[Required work] Transcribe the listing below exactly, without pictures.
** Opening Data shown block **
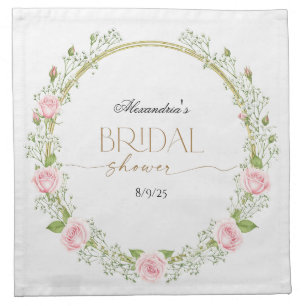 Blushing Romance: Pink Roses & Baby’s Breathe Cloth Napkin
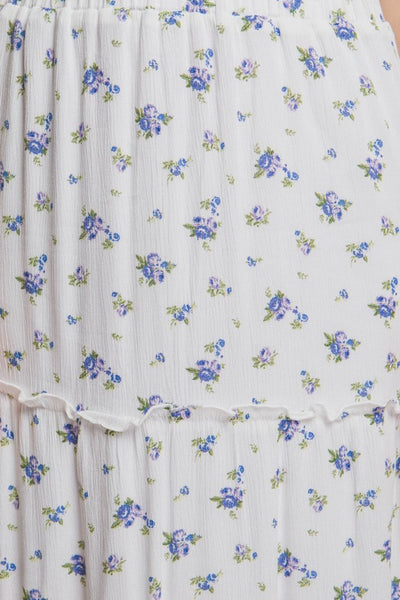 Blue Floral Maxi Skirt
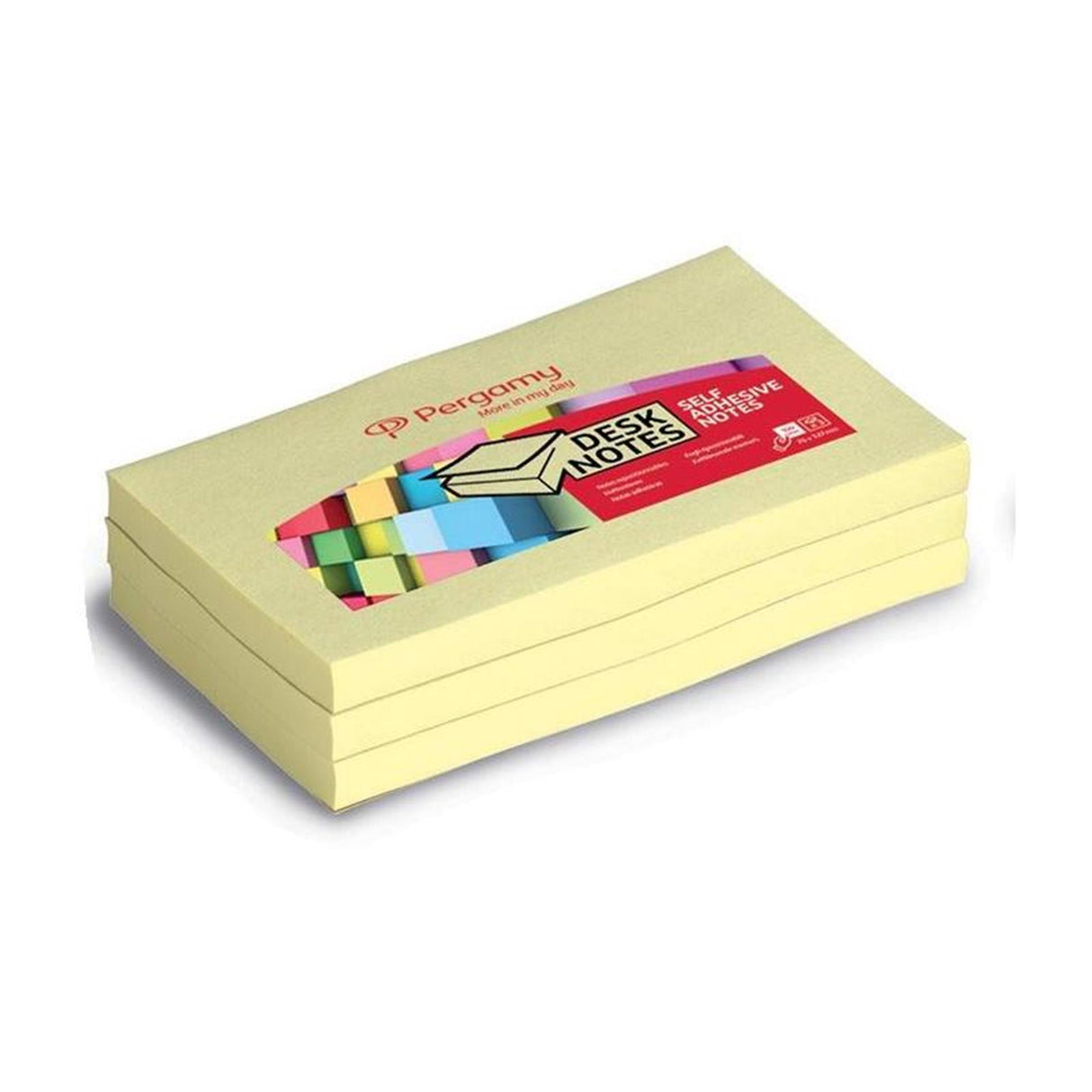 Pergamy sticky notes 100 ark 7,6x12,7cm gul pakke med 12 stykker
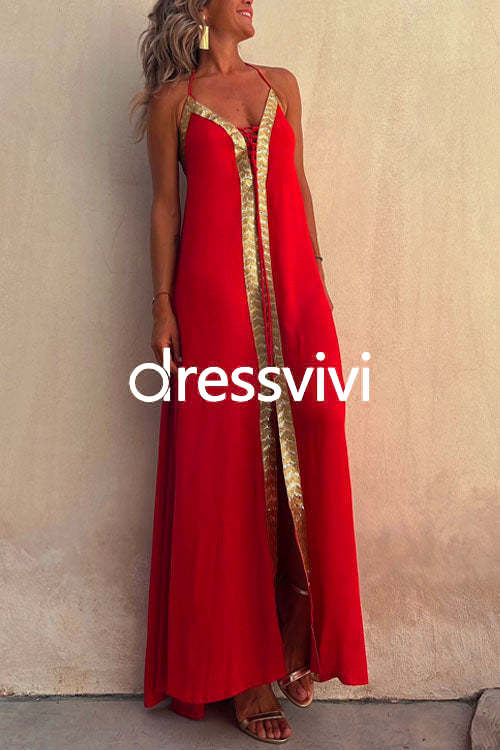 V Neck Backless Sequin Detailed Slit Maxi Cami Dress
** Closing Data shown block **
[Solution]
 Blushing Romance: Pink Roses & Baby’s Breathe Cloth Napkin
 Blue Floral Maxi Skirt
 Pergamy sticky notes 100 ark 7,6x12,7cm gul pakke med 12 stykker
 V Neck Backless Sequin Detailed Slit Maxi Cami Dress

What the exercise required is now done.